Merde ! Le visage de mon fils se décompose. Pas ça ! Je savais que c’était une mauvaise idée de l’emmener. Leur moral va encore baisser d’un degré. Léo le déniche sous le bus. La bête n’est pas si courageuse finalement…

Je monte en premier, inspecte couloir et sièges. La place est libre. Je m’installe à la place du chauffeur. Pas de clés ! Comment démarrer cet engin ? Vais-je savoir le conduire ? Dans le rétro, je surveille ceux qui approchent. Changement de plan. Si on parvient à fermer la porte, elle ne tiendra pas longtemps avec le poids des traqueurs. La station-service est toute proche, et toujours bondée en temps normal. Si on y va sans bruit, on y trouvera des voitures. Ou à l’essence, ou à la station de lavage…

Il faut faire vite.

On quitte notre bus à regret. Le chien nous suit en silence, l’oreille aux aguets. Le rond-point traversé, on atteint vite la station de lavage.

Les clés d’une Renault Mégane et d’une Mercedes sont restées sur le contact, mais ce n’est pas ce qu’on recherche.

Je me dirige vers la station-service pour voir si un véhicule intéressant y a été abandonné quand je les vois. Je les entends aussi. Je n’y avais pas prêté attention jusque-là. Les employés se dirigent vers nous en grognant. Avec quelques clients, surement. Je me retourne pour battre en retraite et aperçois ceux qui arrivaient derrière le bus. Ils ont passé le rond-point eux-aussi. On est pris en sandwiches ! Un rapide survol de la place me permet de repérer ce que je cherchais.

— Courrez ! Le pick-up blanc !

Tandis qu’ils sautent tous dans la caisse, je cours jusqu’à la cabine. Bob m’a suivi. Merde ! Pas de clés ! On s’énerve tous les deux après le volant. Le naiman cède.

Le véhicule bouge dans tous les sens. Derrière nous, tous s’activent pour repousser les traqueurs.

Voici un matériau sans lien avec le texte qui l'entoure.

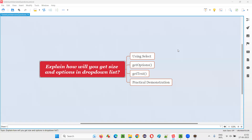Hello, all. Welcome to this session. In this session, I am going to answer one of the Selenium interview questions. That is, explain how will you get the size and options from a drop-down field in Selenium.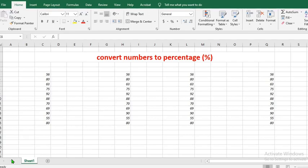In this tutorial today, we shall be learning three quick and simple methods of converting numbers to percentage. Let's say we want to convert these numbers to percentage.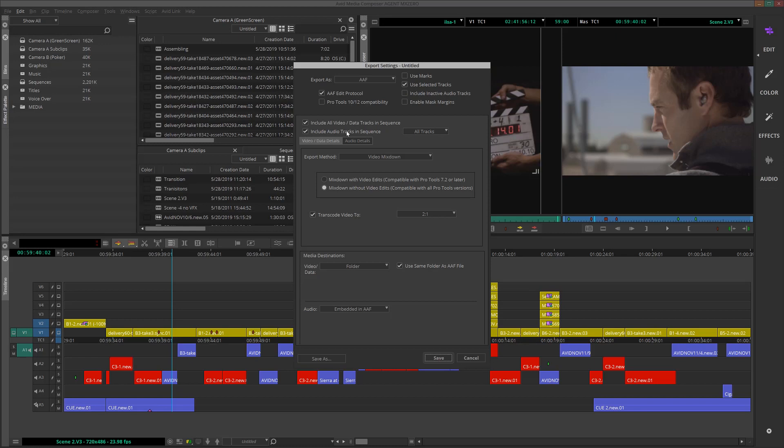Let's take a look at the Video tab first. For the export method, we'll choose Video Mixdown, which will take our sequence and mix it down to one video file, keeping the file size down. It's a good idea to choose Mixdown without video edits, compatible with all versions of Pro Tools, as in a lot of cases, we might not know which version of Pro Tools the engineer will be using.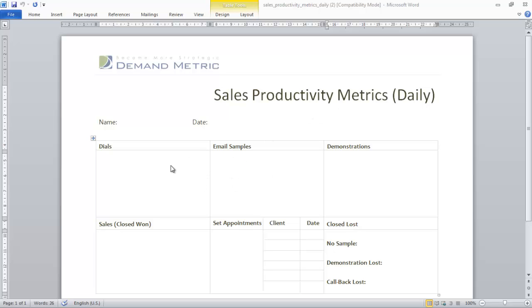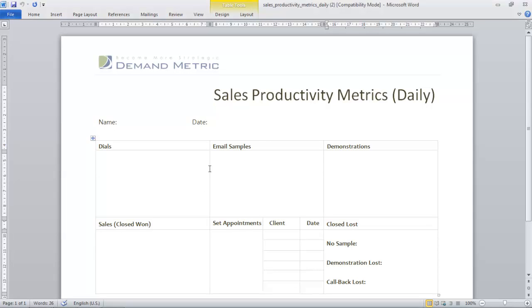In this example, reps are conducting dials, they're sending out email samples, they're doing product demonstrations, and they're setting appointments.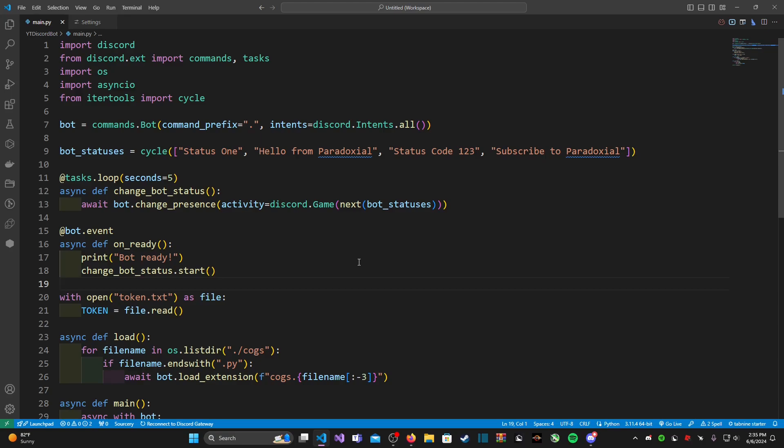Again, visit my website, link is in the description. On there you can go ahead and sign up and claim your own username, and also join my Discord server if you haven't already.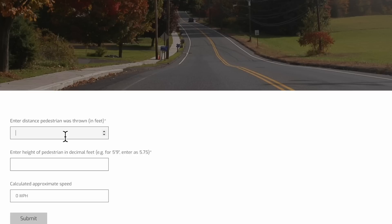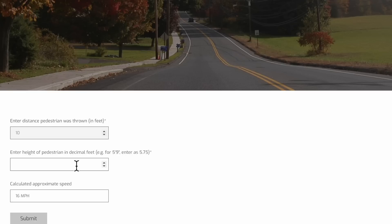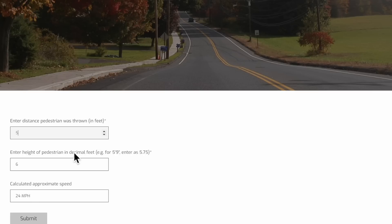We're not going to do any maths this time. This is a website that automatically calculates, without us doing any math whatsoever, the speed from pedestrian throw. If we use the distance of 5 feet that we calculated in the previous video using a different formula, you see we come up with around 5 miles per hour. If we plug in the EMT distance of around 10 feet, now we're getting up to around 9 miles per hour. If we type in Trooper Dunning-Kruger's 34 feet, we end up with 21 miles per hour. The only way we're getting close to 24 miles per hour is 40 feet or more. Yet we're still coming up with a similar value — when the pedestrian is thrown 5 feet, the vehicle speed is around 5 miles per hour.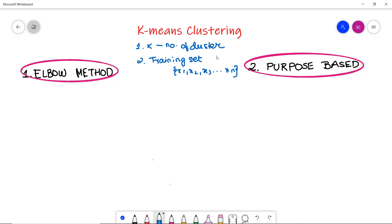Now the question arises: we have to choose the number of clusters, but how should we know the optimum number of clusters? There are two best possible methods for this. The first is the elbow method and the second is the purpose-based method.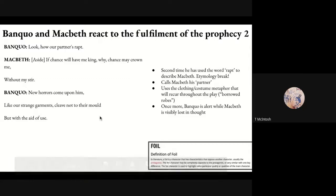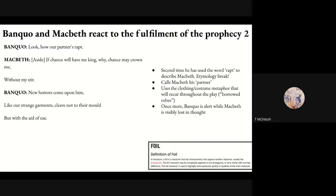Banquo calls Macbeth his 'partner' — and the next time we hear that word is when Lady Macbeth reads Macbeth's letter addressing her as 'my dearest partner in greatness.' Thinking about the breakdown of proper gender roles: Banquo correctly sees his partner as Macbeth, while Macbeth sees his partner as Lady Macbeth his wife — with all the resulting breakdown of correct hierarchy, loyalty, and natural order.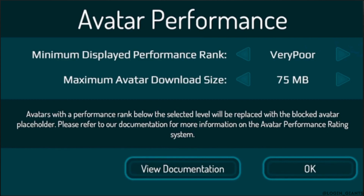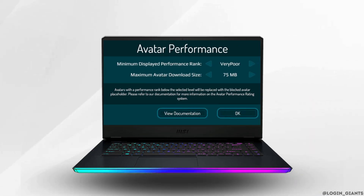That's it for today's tutorial on how to see all avatars in VRChat on Oculus Quest. Make sure to smash the like button and consider subscribing if you found this video helpful. We'll see you in the next one.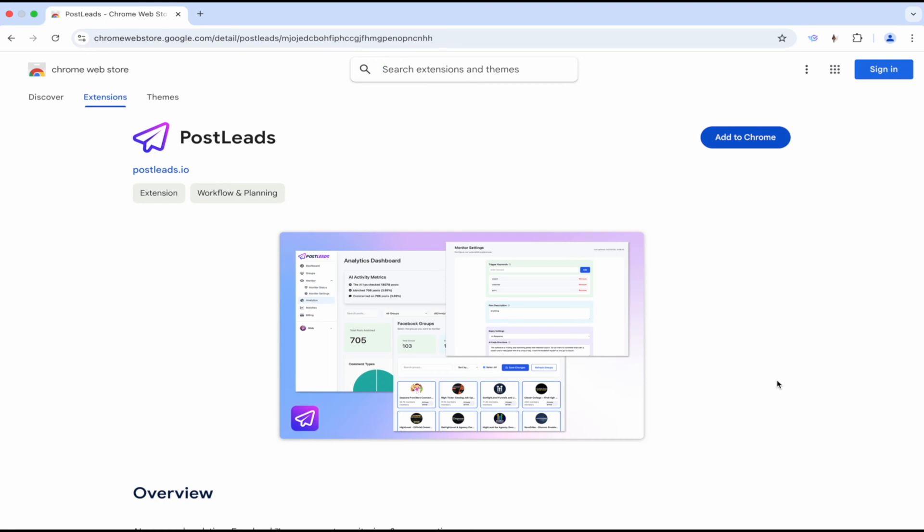You can go through and set this up on your Facebook profile to hunt down keywords in those groups that say, I'm looking for a contractor or I need a new roof or something like that. And then this will automatically comment on those posts with whatever you want to say.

Mon ami m’escalade pour prendre la place du conducteur et arrache tous les câbles. Dehors, ça grogne, ça crie, ça aboie. L’utilitaire tangue dangereusement. Mon cœur va exploser. Je suis terrifié. Mes enfants vont y rester ! Ils vont tous y rester ! J’arrive à me re-concentrer sur Bob. Il teste les fils un par un avec l’espoir de démarrer. Je surveille nos compagnons. Un zombie a réussi à monter dans la caisse du pick-up alors qu’un autre n’a plus qu’à l’enjamber ! La situation empire.

Enfin, le Nissan est secoué par un toussotement du moteur. Bob s’acharne a trouvé la bonne combinaison, il s’acharne. Le véhicule joue avec nos nerfs à vif quand il crachote encore plusieurs fois.

— Souffle un grand coup et recommence, je conseille.

Un sourire se dessine sur ses lèvres quand on entend le ronronnement, que les longues vibrations nous ébranlent. Je respire enfin !

Il contourne le bâtiment de la station pendant que je regarde encore le reste du groupe se débattre avec les traqueurs. Soulagé, je respire un grand coup avant de relater les évènements au conducteur.

Mickaël tambourine à la vitre.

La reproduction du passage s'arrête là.